In the Bell case, 327 U.S. at page 683, 66 S.Ct. at page 776, the court said:


"* * * the alleged violations of the Constitution here are not immaterial but form rather the sole basis of the relief sought." (Italics ours.)


Although appellant in the case at bar charged appellee with a breach of the Interstate Commerce Act by transporting property for compensation in interstate commerce without obtaining from the Commission a "certificate" over the route in question, still it does not clearly appear that the complaint was "drawn so as to claim a right to recover under the Constitution and laws of the United States," or that appellee's alleged violation of the Motor Carrier Act forms the "sole basis of the relief sought." In fact appellant's contentions clearly and bluntly establish that the real basis of its suit is "unfair competition," and that appellee's violation of the Interstate Commerce Act had the legal effect of creating a common law right of action in favor of appellant under a theory of liability discussed in Section 710 of the Restatement of Torts dealing with "Engaging in Business in Violation of Legislative Enactment."


In a Memorandum of Authorities provided for the district court, appellant emphasized that the basis for the recovery sought by it was a violation of the common law.
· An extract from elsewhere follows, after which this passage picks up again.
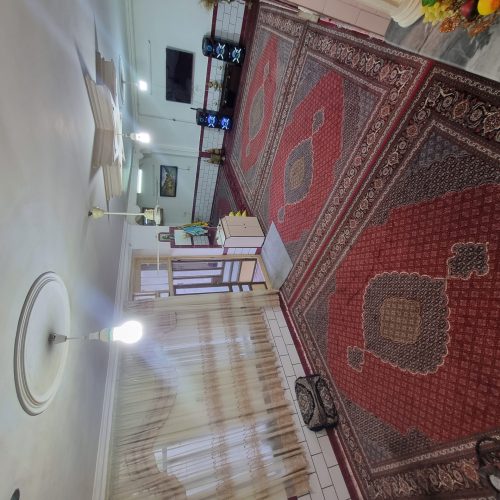 دارای حیاط،انباری،نورگیر عالی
There it said:


"The substantive law of this case is bottomed upon the proposition contained in Sec. 710 of the Restatement of Torts (American Law Institute, Vol. 111, 1938):


"`Sec. 710. Engaging in Business in Violation of Legislative Enactment.
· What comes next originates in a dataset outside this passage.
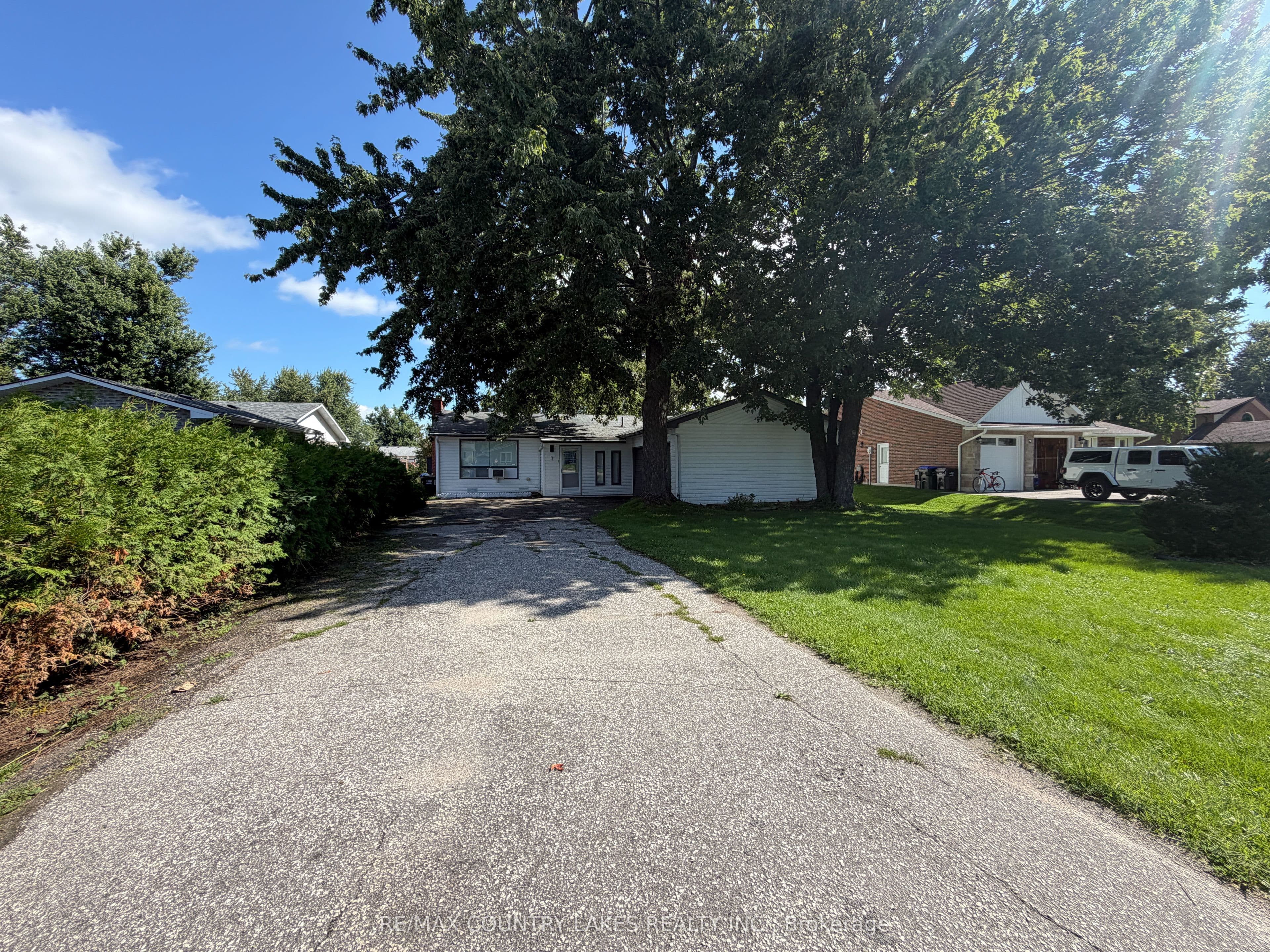 7 Willow Crescent, Ramara, ON L0K 1B0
"`One who engages in a business or profession in violation of a legislative enactment which prohibits persons from engaging therein, either absolutely or without a prescribed permission, is subject to liability to another who is engaged in the business or profession in conformity with the enactment, if, but only if,


"`(a) one of the purposes of the enactment is to protect the other against unauthorized competition, and


"`(b) the enactment does not negative such liability.'


"A careful study of the Interstate Commerce Act, as amended, including the Motor Carrier Act of 1935, and of the legislative history and administrative and court interpretations of the Act, leaves no doubt that the Act is of the character described in the Restatement proposition."


This memorandum then traced the common law development of this theory from a case in 1706, this to establish its right to recover on the basis of "unfair competition." Absolutely no claim is made of a right to recover based on the statute itself.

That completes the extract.